Kultusministerin Wolff eröffnet MINT-Mini-Messe im Landtag

Kultusministerin Karin Wolff misst der frühen Förderung des naturwissenschaftlich-technischen Nachwuchses eine hohe Bedeutung bei. Zur Eröffnung der MINT-Mini-Messe heute im Foyer des Hessischen Landtages sagte Wolff: "Gut ausgebildete Fachkräfte bilden die Grundlage für den weiteren Ausbau des Hochtechnologie-Standorts Hessen. Für eine konsequente Sicherung des Nachwuchses ist es wichtig, früh die Neugier von Kindern zu wecken und ihr Interesse an naturwissenschaftlichen und technischen Phänomenen stetig zu fördern." Veranstalter der MINT-Mini-Messe sind die Landesarbeitsgemeinschaft Schule-Wirtschaft (LAG) und die Vereinigung hessischer Unternehmerverbände (VhU).

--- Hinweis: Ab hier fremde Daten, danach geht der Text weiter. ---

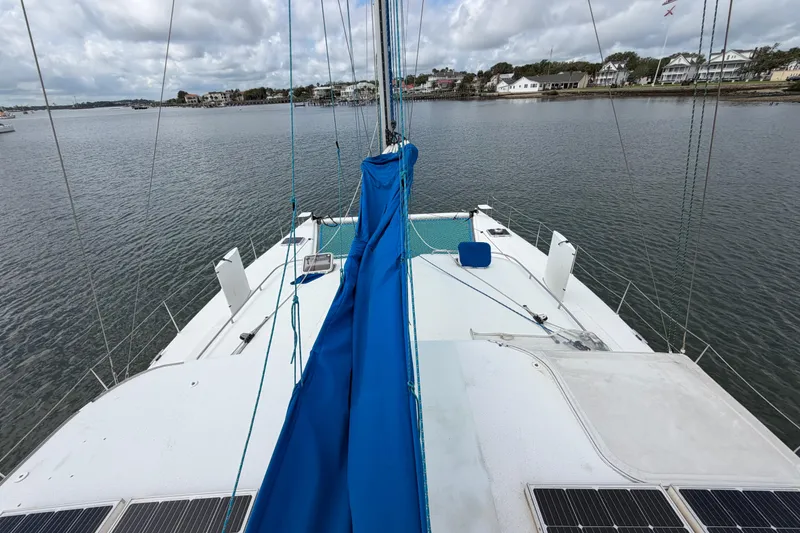 Slide: The Image of Sailboat Dolphin 460, 2007 model, anchored in calm waters with a blue sail cover. - 40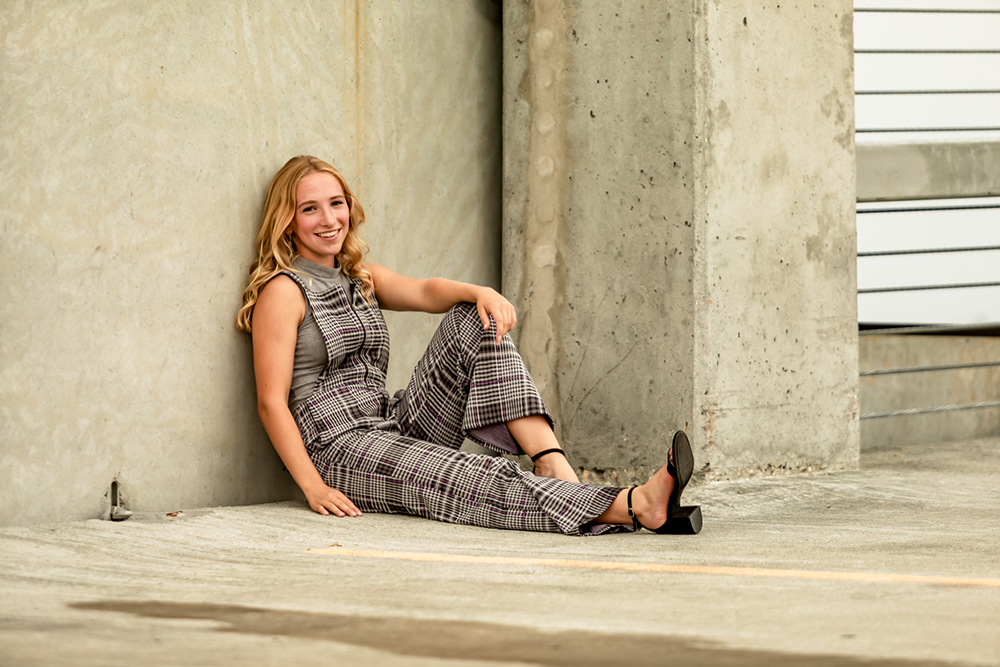 grads photography portrait of girl sitting leaning against a wall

18.11.2004 Hessen Pressemeldung Hessisches Ministerium für Kultus, Bildung und Chancen

"Die hessische Landesregierung nimmt ihre Verantwortung für zukunftsorientierte Bildung sehr ernst", sagte Wolff und verwies auf die im Dezember 2000 gestartete Kampagne "Tekno Now", die junge Menschen für technische und naturwissenschaftlichen Studiengänge begeistern will. Zudem sei Hessen Vorreiter bei der Umsetzung der bundesweiten Qualitätsinitiative SINUS, die eine inhaltliche und methodische Weiterentwicklung des mathematisch-naturwissenschaftlichen Unterrichtes zum Ziel hat. Durch die Erweiterung der Stundentafeln für die Fächer Chemie und Physik in der Sekundarstufe I um je eine Stunde hatte Wolff bereits im Schuljahr 1999/2000 die Rahmenbedingungen für die Naturwissenschaften verbessert.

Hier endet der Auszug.